◆ Work instructions
Your answer must match, word for word, the lines from the one holding "Se lancer en" through the final line below, with pictures excluded.

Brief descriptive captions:
----

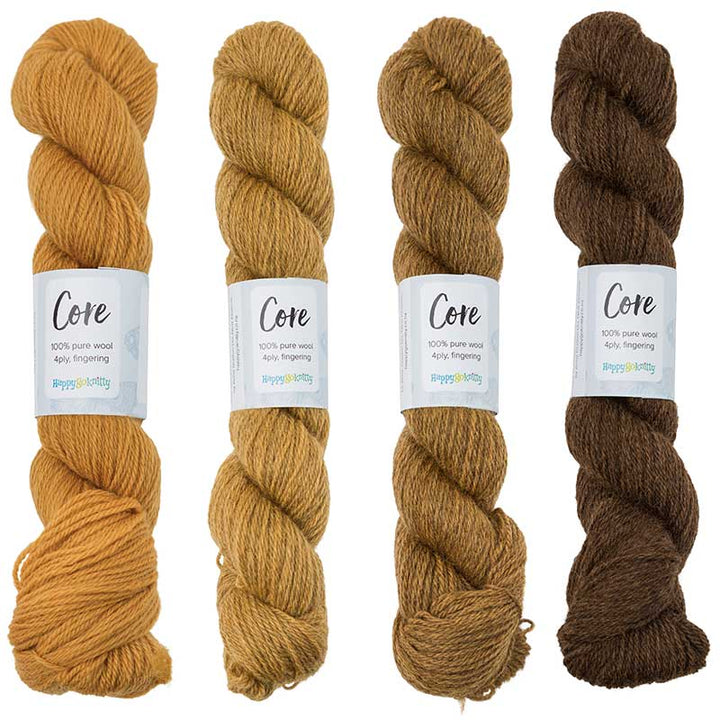 Happy Go Knitty Core // 4ply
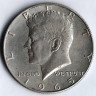 Монета 1/2 доллара. 1965 год, США.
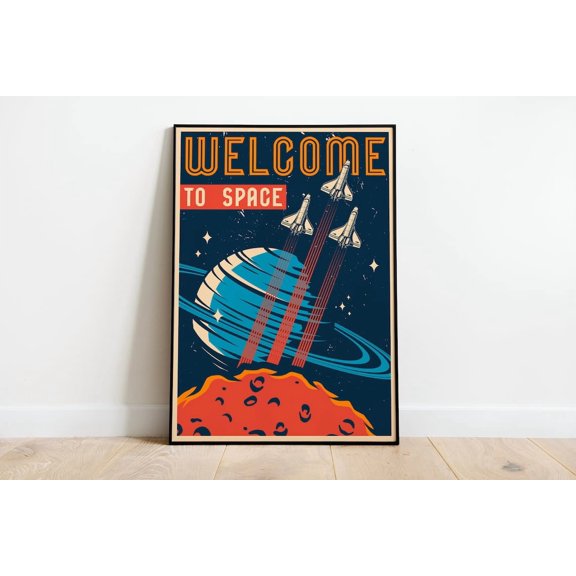 Art Deco Retro Universe Wall Art Space Poster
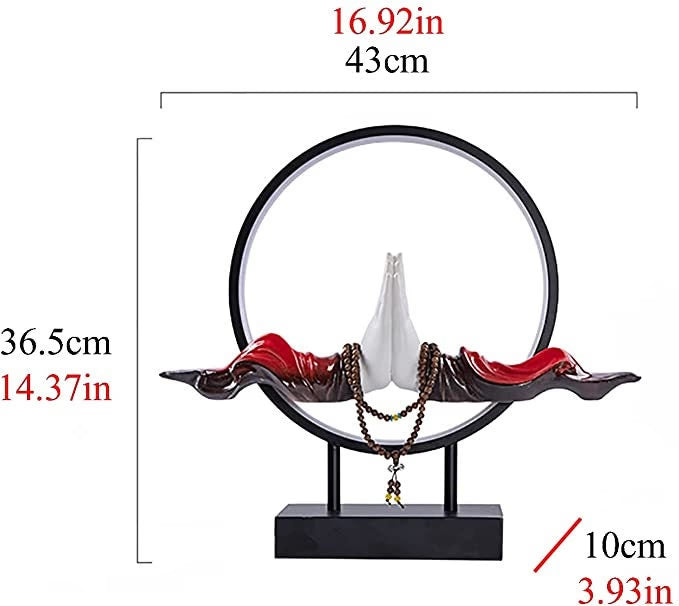 Led and Ceramic incense Burner Handmade - acacuss
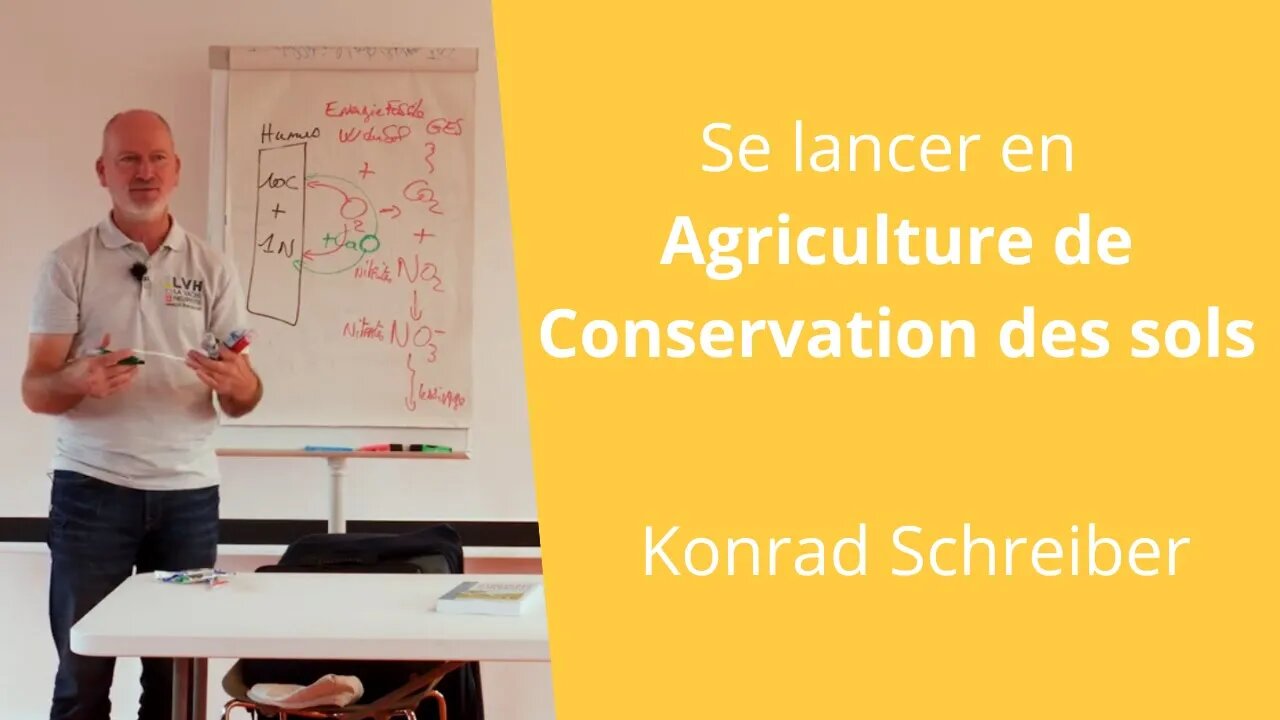 Se lancer en Agriculture de Conservation des sols, Konrad Schreiber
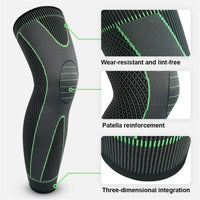 Compression Knee Support Sleeve - Protective Brace for Running & Gym Workouts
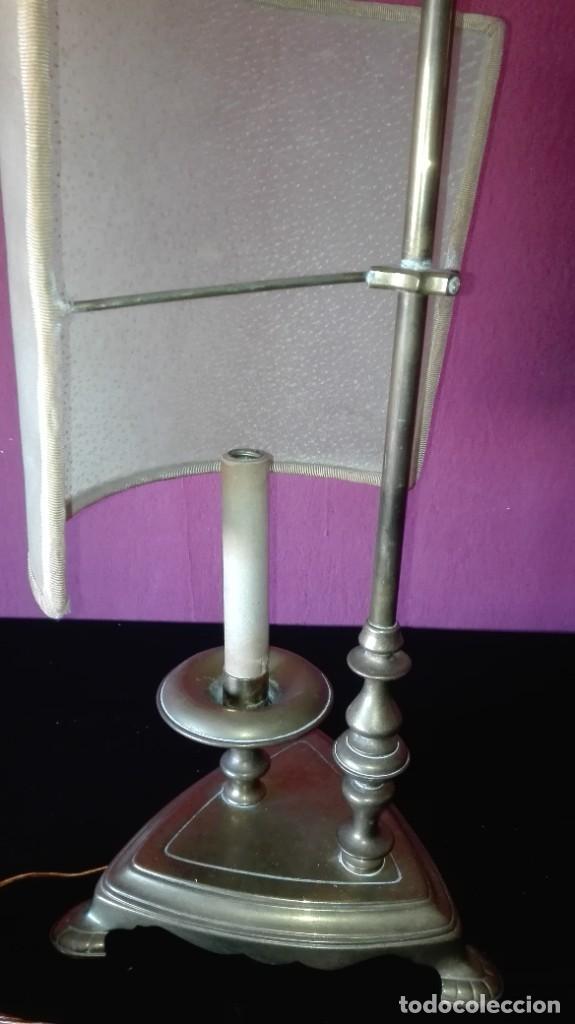 Antig&uuml;edades: ANTIGUA LAMPARA DE BRONCE - Foto 9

----

◆ Exercise answer
 Se lancer en Agriculture de Conservation des sols, Konrad Schreiber
 Compression Knee Support Sleeve - Protective Brace for Running & Gym Workouts
 Antig&uuml;edades: ANTIGUA LAMPARA DE BRONCE - Foto 9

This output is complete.